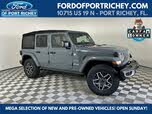 Jeep Wrangler Sahara 4-Door 4WD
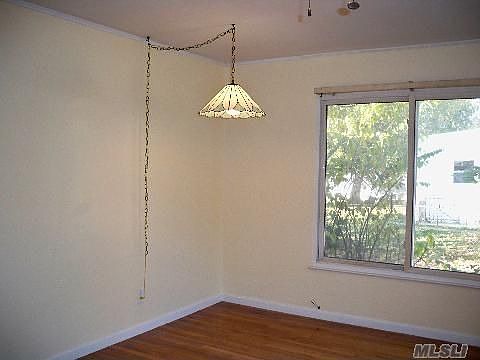 4th image of 938 Essex Ct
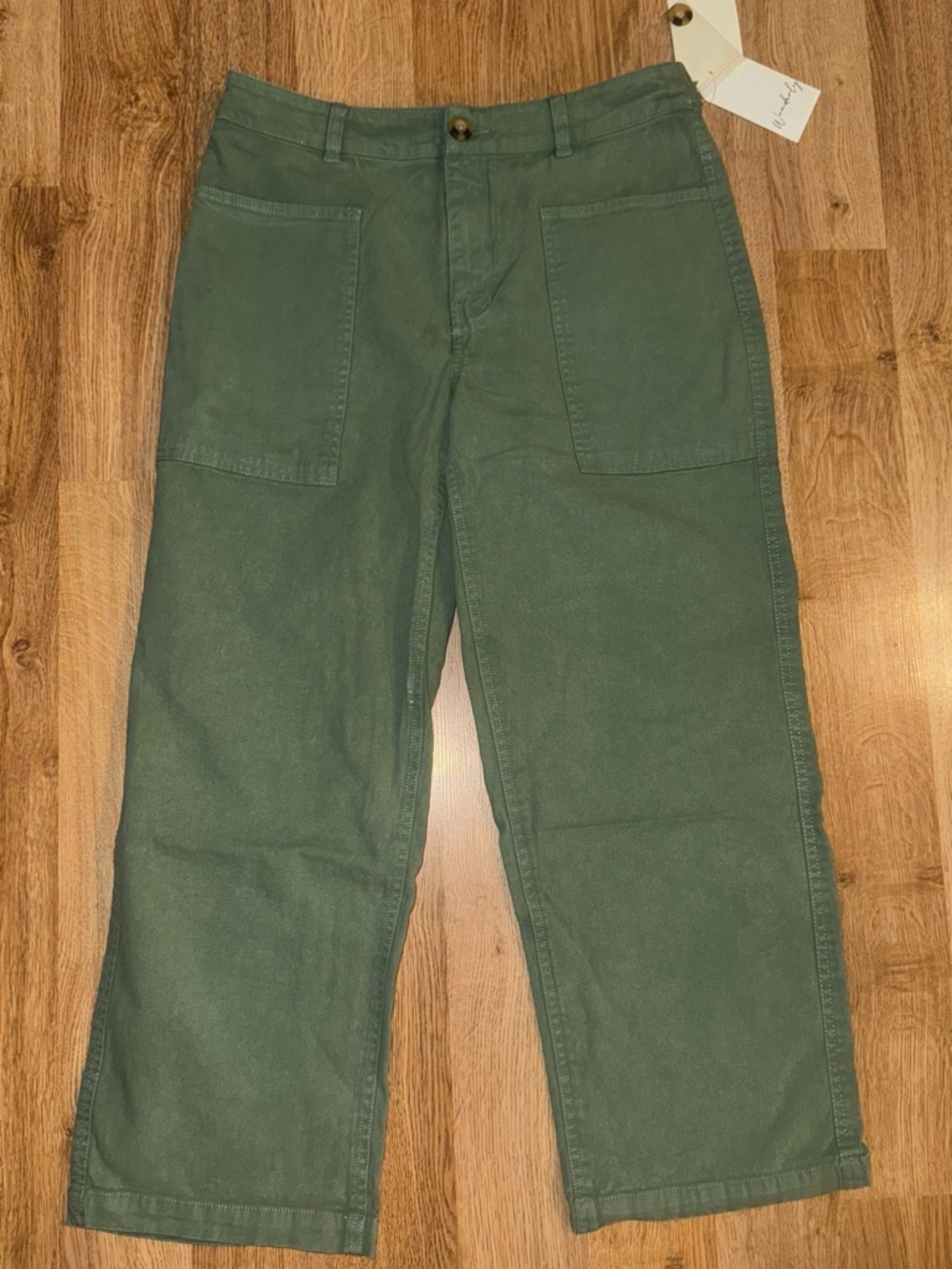 NWT WONDERLY Casual Green Cropped Pants Sz 6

| Exercise prompt |
Give back the data exactly, with no images.

| Final answer |
 Jeep Wrangler Sahara 4-Door 4WD
 4th image of 938 Essex Ct
 NWT WONDERLY Casual Green Cropped Pants Sz 6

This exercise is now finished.